Prime Minister Shinzo Abe’s administration will take “drastic” measures to revitalize the economy, Finance Minister Taro Aso pledged Thursday, suggesting that previous policies had been insufficient to beat back more than a decade of deflation.
“Deflation is a deep-rooted problem that has undermined the Japanese economy” because it has “hampered investment toward the future,” Aso said in a speech to the Lower House.
To jack up the economy, he said the administration will push through what Abe calls his “three arrows” of flexible fiscal spending, aggressive monetary easing and growth strategies.
He added that the administration’s economic policies, dubbed “Abenomics,” aimed at preventing declining prices have drawn global attention, given that Japan has undergone the most pronounced period of deflation by a major developed economy since World War II.
“As a pioneer, Japan should achieve the end of deflationary recession and present a solution to the world,” he told the Lower House.
Turning to the current situation, Aso said the economy “has shown positive signs” of picking up, given that stock prices have rebounded.
Aiming to ensure a recovery, Aso called for swift passage of a record ¥92.61 trillion initial budget for fiscal 2013, which Abe’s Cabinet submitted to the Diet earlier in the day.
On Tuesday, the Diet enacted a ¥13.1 trillion supplementary budget for fiscal 2012 to finance a stimulus package centered on big public works projects.
With the two budgets covering financing needs for a total of 15 months, the administration will implement economic steps in a seamless manner, Aso said.

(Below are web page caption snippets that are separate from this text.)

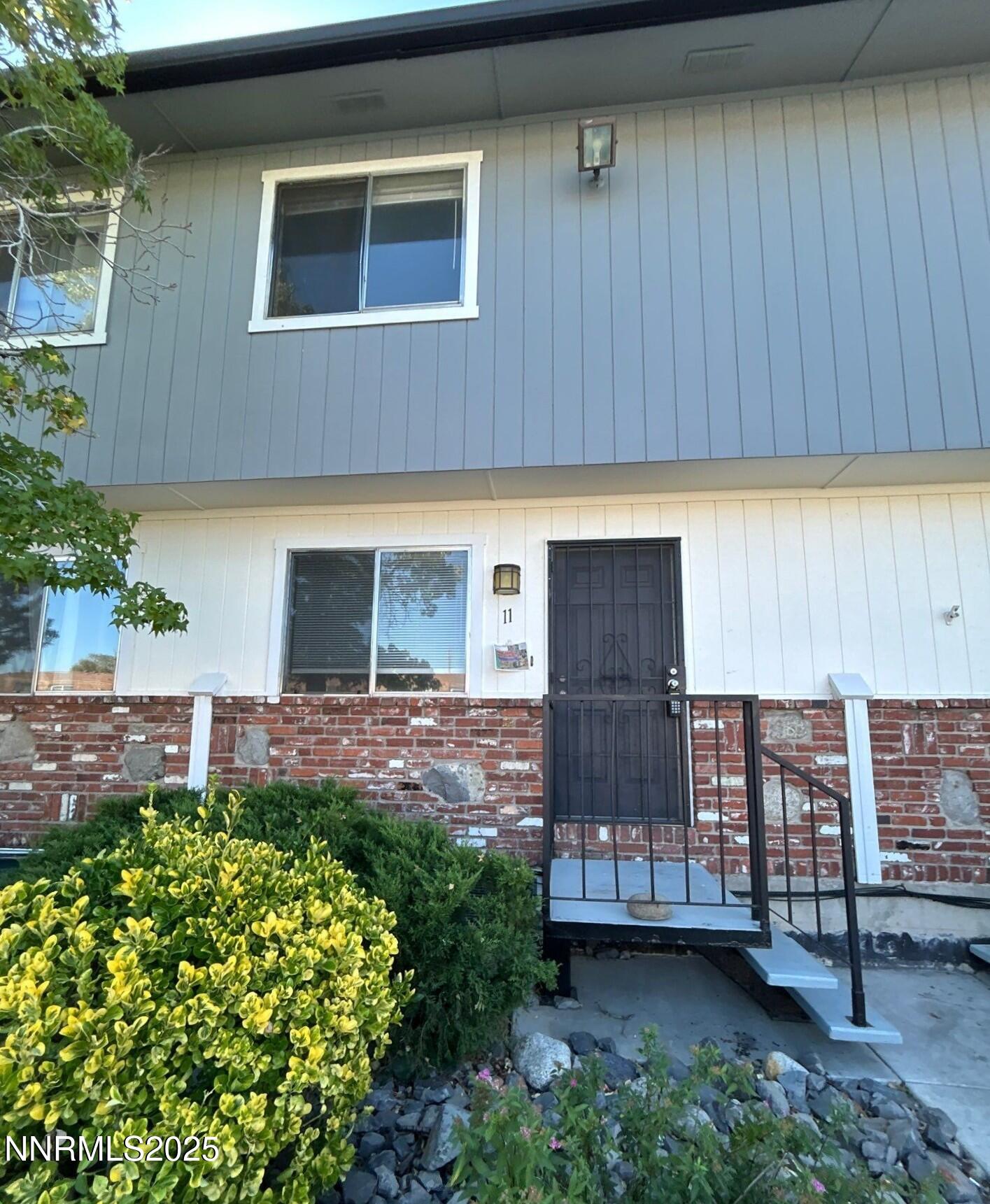 1410 East 9th Street, Unit 11 Reno, NV 89512 - Photo 1 of 5 a front view of a house with garden
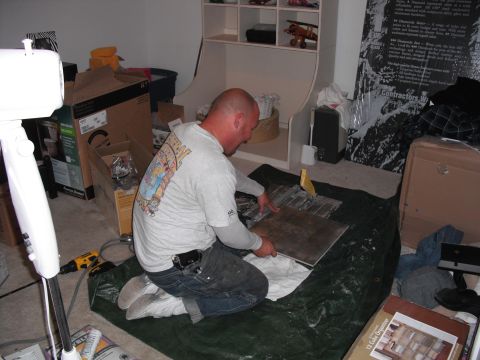 1991 Ford Bronco - A man kneels on a tarp, using a tile cutter to prepare flooring materials amidst a room filled with boxes and supplies.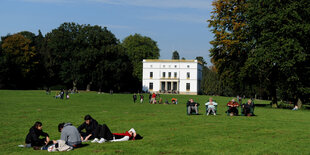 Menschen liegen auf einer Wiese, im Hintergrund ein weißes Landhaus und hohe Bäume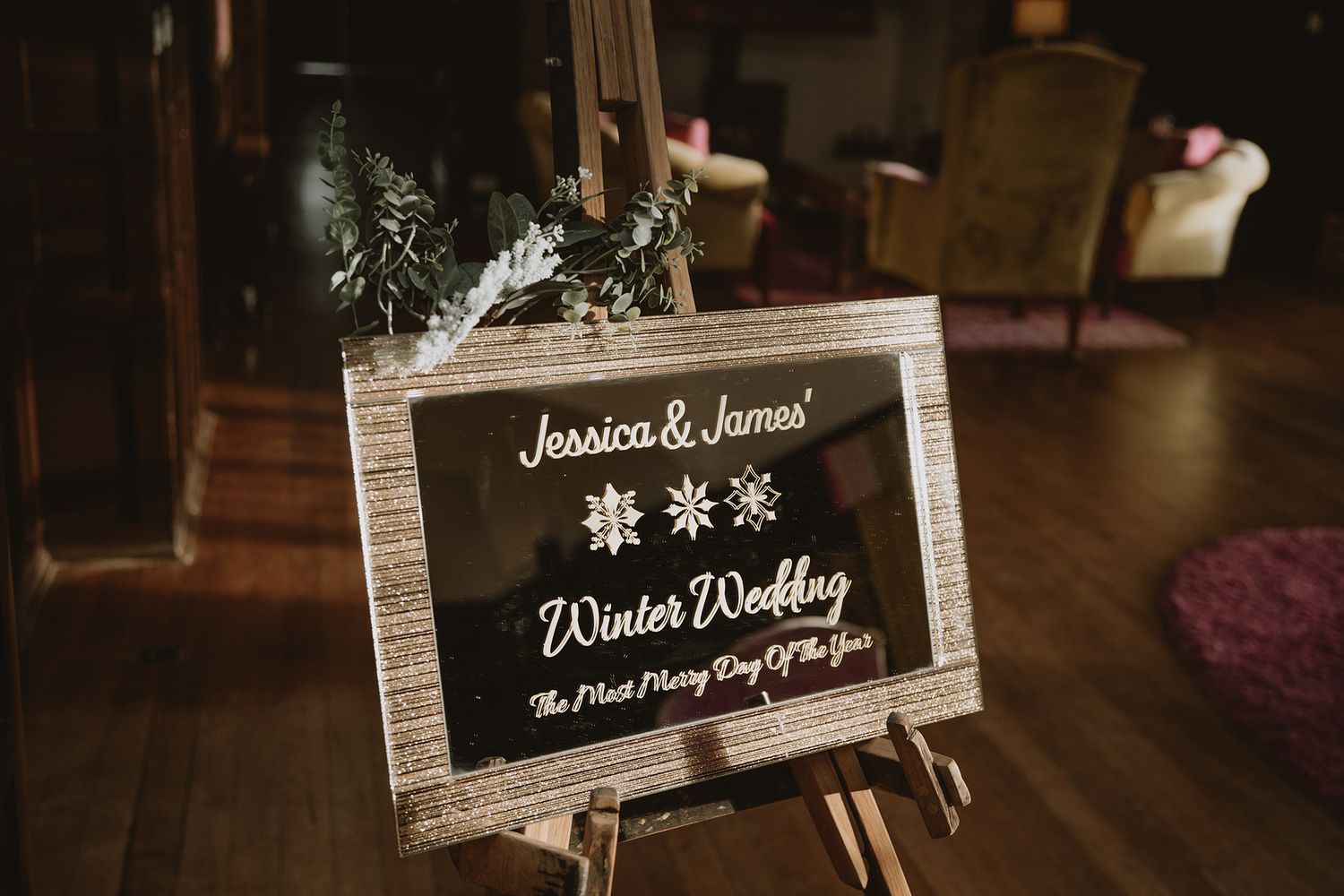 A rustic winter wedding welcome sign for Jessica and James displayed on a wooden easel with snowflake decorations and greenery.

The government now expects the economy to grow 2.5 percent in real terms and 2.7 percent in nominal terms in fiscal 2013, predicting the new stimulus package will spur domestic demand and that the global economy will rebound.
Amid growing concern over the fiscal health of the world’s third-biggest economy, already the worst among developed countries, Aso said, “It is important to maintain trust in Japan’s fiscal policy.”
Aso touched on the need to achieve the government’s goal of halving the ratio of the deficit in the primary balance to gross domestic product by fiscal 2015 from the level in fiscal 2010 and turning it into a surplus by fiscal 2020.
“We’ll consider a path to simultaneously achieve fiscal rehabilitation and Japan’s economic revival,” Aso said.
The economy shrank an annualized real 0.4 percent in October-December for the third straight quarterly contraction on tepid exports and capital spending.
In a separate speech Thursday, economic revitalization minister Akira Amari said aggressive monetary easing by the Bank of Japan is “vital” to get the economy on a sustainable recovery track.
The government hopes the BOJ “will promote bold monetary easing” to attain as soon as possible the 2 percent inflation target set in January, Amari said.
He promised to carry out growth strategies in a steady manner, putting emphasis on restoring Japan’s international competitiveness and reinforcing its innovation capacity.
He said the Abe government, formed Dec. 26, is scheduled to finalize the strategies by the middle of this year.